Monkfish Publishing House interviews Tamam Kahn (2010 interview):

Q: What prompted you to write about the wives of Muhammad?

Tamam Kahn: As I traveled in North Africa and the Middle East, I felt authority and earthy power from the women who recited sacred words and sang poetry about Muhammad and his family. I wanted to discover if Muhammad’s wives had that same fierce, elegant energy. I began to read about them. I found that – according to traditional history – they did.

Q: Why do you feel this information is valuable or necessary at this time? What does it have to teach us?

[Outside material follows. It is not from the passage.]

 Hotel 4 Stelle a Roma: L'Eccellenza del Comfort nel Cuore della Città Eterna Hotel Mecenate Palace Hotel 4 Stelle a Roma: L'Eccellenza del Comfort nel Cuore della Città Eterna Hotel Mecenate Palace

Tamam Kahn: This book is meant to balance History and Her-story.  My wish is that the women in these pages may emerge as vivid individuals vocalizing the first years of what came to be Islam; that they will replace the stiff and submissive stereotypes the media often displays. In this book, we see that Muhammad was married to women born into Jewish, Christian and pagan faiths. “Untold” may inspire us to be curious and keep a flexible attitude, and if we do, we may discover all people have the same hopes, dreams, fears, and disappointments.

Q: Do you consider yourself a Muslim?

Tamam Kahn: I would call myself a spiritual seeker who regards Islam as the path of peaceful surrender to the One. For me, a Muslim is a person who walks that path. This was the “Islam” embraced by the women I write about. I am a follower of the Message of Divine Unity as exemplified by the great Sufis such as Rumi, Hafiz, and Rabi‘a of Basra. They carry a sacred outlook not limited to the form, the time, or the place.

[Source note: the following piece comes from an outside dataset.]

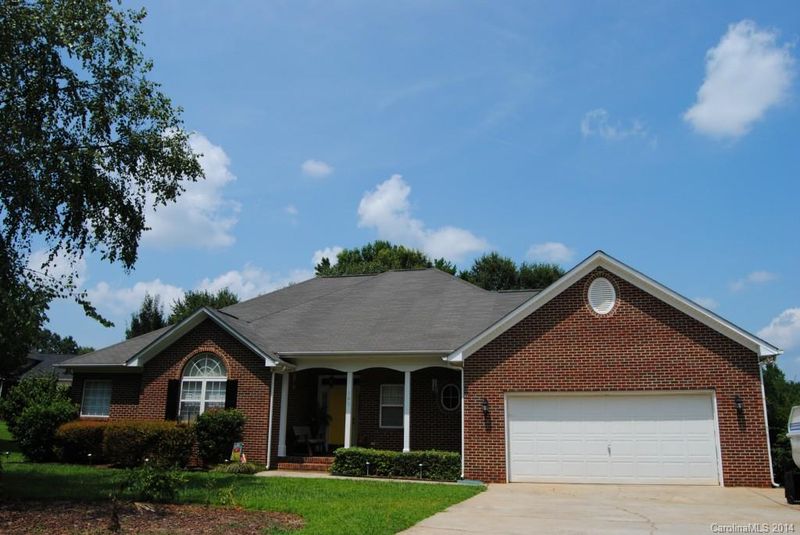 101 Silver Birch Ln, Mount Holly, NC 28120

Q: How have Muslims responded to your research and publication?

Tamam Kahn: A California Muslim woman hosting a local radio show wrote me that Untold brought these women to life in a way that no standard biography did. Through the poetry, she now imagined them as real flesh and blood women who were courageous, jealous, and fierce – in a very human way. For those who question my right to write about the Prophet’s wives, I would say I have great respect for each woman and admiration for the life they shared. That respect has opened doors that made this book possible.

Q: Does your book have a message for Muslims?

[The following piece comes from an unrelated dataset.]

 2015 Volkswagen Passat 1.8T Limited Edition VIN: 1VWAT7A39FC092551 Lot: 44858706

Tamam Kahn: As-salaam ‘alaykum. This book greets you on the path of peace. Come and enjoy the stories of your Prophet and his family.

Q: Does your book have significance for non-Muslims?

Tamam Kahn: This book is about a forgotten piece of history that needs to be brought out and honored. But for me it is not about Muslim and non-Muslim. It’s about our human family and the strength of women. This book may bring ease to a mother whose children attend school with Muslim children, the shopper served by a grocery checker in a scarf, the office worker whose boss has a Muslim name. CNN tells us that nearly one in four people in the world today is a Muslim, although Fox Network said it was one in five.

Q: How has the process of researching, writing, and publishing Untold changed your life?

Tamam Kahn: I’ve spent my life changing my life, so this is just another chapter.  There is a big difference between holding a manuscript and reading from your own book. This book seems to have “a life of its own.” I feel like I’m just tagging along. The directive that these women need to be known is an important one. From the opening poem: “I am here with a message: conversation with these women will never end.”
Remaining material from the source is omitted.